# Forum Home Renovation Television, Computers & Phones  Connect set top box to digital TV

## terenjac

I have a Samsung DVD PVR (model DVD - sh855) It has a built in set top box.   It worked well when connected to an old analogue tv.    Now I want to use it with a new TEAC digital tv - this has a built in dvd player but has no recording capability, which is why I want to connect to my sh855. 
I can watch tv while the two machines are connected but cannot get the sh855 to 'talk' to the TEAC TV.   For example I cannot get the sh855 menu to show on my tv's screen. 
I have tried all possible combinations of cable connections from the rear of the PVR to the TV. 
I've tried Samsung's help desk on their web site but they want to charge for advice.   As I have already paid out good money to buy the PVR I object to forking out more. 
Hope someone can help me.

----------


## GeoffW1

Hi, 
It will be more than just plugging in the cable. The TV will have a menu from which you choose the input signal to screen, DTV, ATV, AV1, AV2, HDMI, USB, DIN, etc etc.  
It is not clear from your post whether you have had a go at finding the right input signal selection from this. 
Cheers

----------


## terenjac

> Hi, 
> It will be more than just plugging in the cable. The TV will have a menu from which you choose the input signal to screen, DTV, ATV, AV1, AV2, HDMI, USB, DIN, etc etc.  
> It is not clear from your post whether you have had a go at finding the right input signal selection from this. 
> Cheers

  Thanks for your reply ..... yes I did call up the TV's menu and tried all the inputs but still had no luck. 
I thought the problem might lie with the TV being digital and the PVR's set top function being for an analogue TV.   However, as I said before, I can watch TV ok.   I tried talking severely at it but all that did was upset my wife. 
As you might have guessed, I know enough about TVs etc to get myself into trouble but not enough to get out of trouble.

----------


## ringtail

What sort of cable connects the two ? AV leads / HDMI ? It should be that simple. Whichever port the PVR is connected to on the TV ( it should be marked on the TV) should be the one that you select to watch the PVR. But I'm like you with the electronics - you need to find a ten year old. The thing that really craps me off is the fact that the big flashy TV's have no way of getting the HD signal out so you can record it on something. We had to buy a HD set top box so we can record tv programs onto the hard drive of the dvd recorder. PITA. Why not just have an output on the back of the telly along with the 10 different inputs.

----------


## wozsparky

Maybe hook set top box up to another tv and change the settings to output back to sd or similar and then hook it back up, I am no expert but sometimes I have had problems with 1080 hooking up togetgher and had to back it off. 
Hope this helps 
Kind regards,
Woz

----------


## terenjac

> What sort of cable connects the two ? AV leads / HDMI ? It should be that simple. ----------- - you need to find a ten year old.

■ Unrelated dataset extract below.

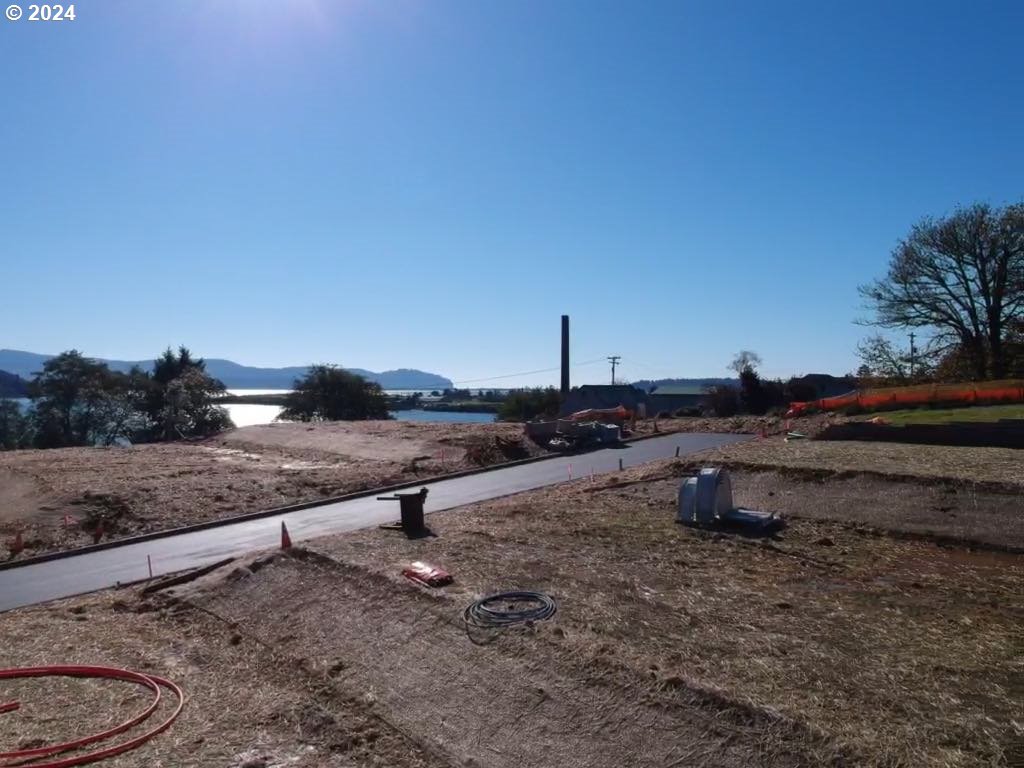 501 Garibaldi Avenue, Unit 6 Garibaldi, OR 97118 - Photo 18 of 24 a view of a backyard with a table and chairs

  Ringtail, thanks for your reply.   I have an HDMI cable connecting them and I tried all available sockets. 
Unfortunately no ten year olds in my household.   They are all adults now and have children of their own; plus, they all live a couple of thousand kilometers away. 
By the way, I did some research in this make and model of PVR and found a lot of negative comments.   I wish I had discovered that before I bought it.

----------


## terenjac

> Maybe hook set top box up to another tv and change the settings to output back to sd or similar and then hook it back up, I am no expert but sometimes I have had problems with 1080 hooking up togetgher and had to back it off. 
> Hope this helps 
> Kind regards,
> Woz

  Wozsparky, Thanks for your reply ..... I will try what you suggest. and let everyone know if it works.

----------